## YOUR ASSIGNMENT
Could you give the listing again exactly, without its pictures?

## DATASET EXTRACT
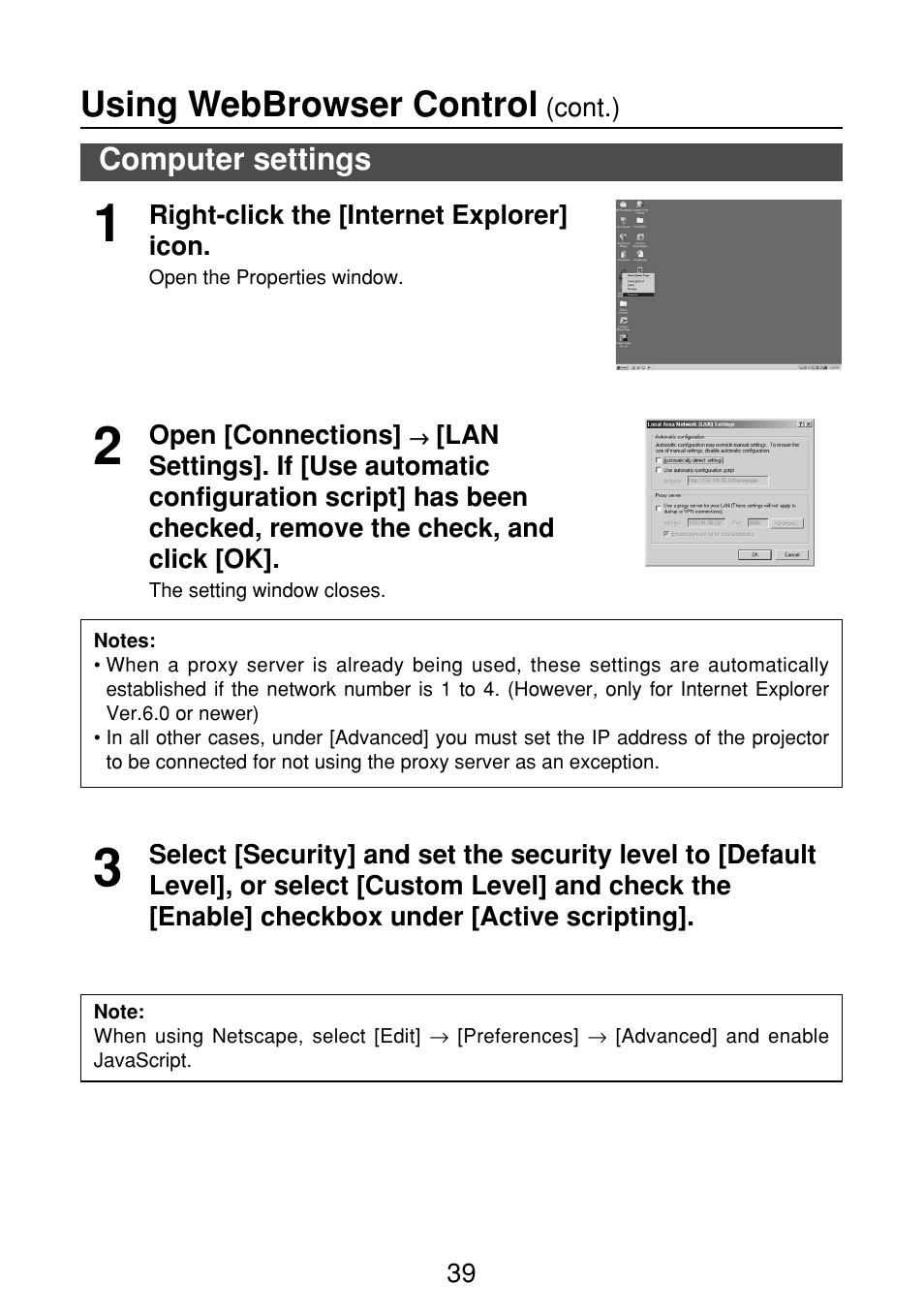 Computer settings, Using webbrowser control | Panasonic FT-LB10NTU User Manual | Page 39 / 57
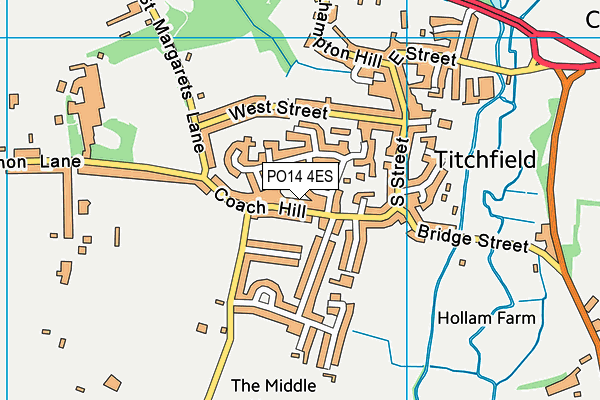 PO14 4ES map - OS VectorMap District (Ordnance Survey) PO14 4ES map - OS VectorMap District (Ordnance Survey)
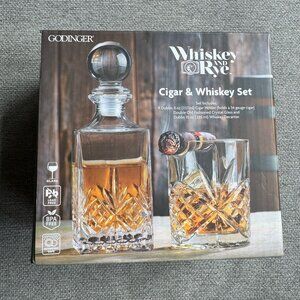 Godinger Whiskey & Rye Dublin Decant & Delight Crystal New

## RESPONSE
 Computer settings, Using webbrowser control | Panasonic FT-LB10NTU User Manual | Page 39 / 57
 PO14 4ES map - OS VectorMap District (Ordnance Survey) PO14 4ES map - OS VectorMap District (Ordnance Survey)
 Godinger Whiskey & Rye Dublin Decant & Delight Crystal New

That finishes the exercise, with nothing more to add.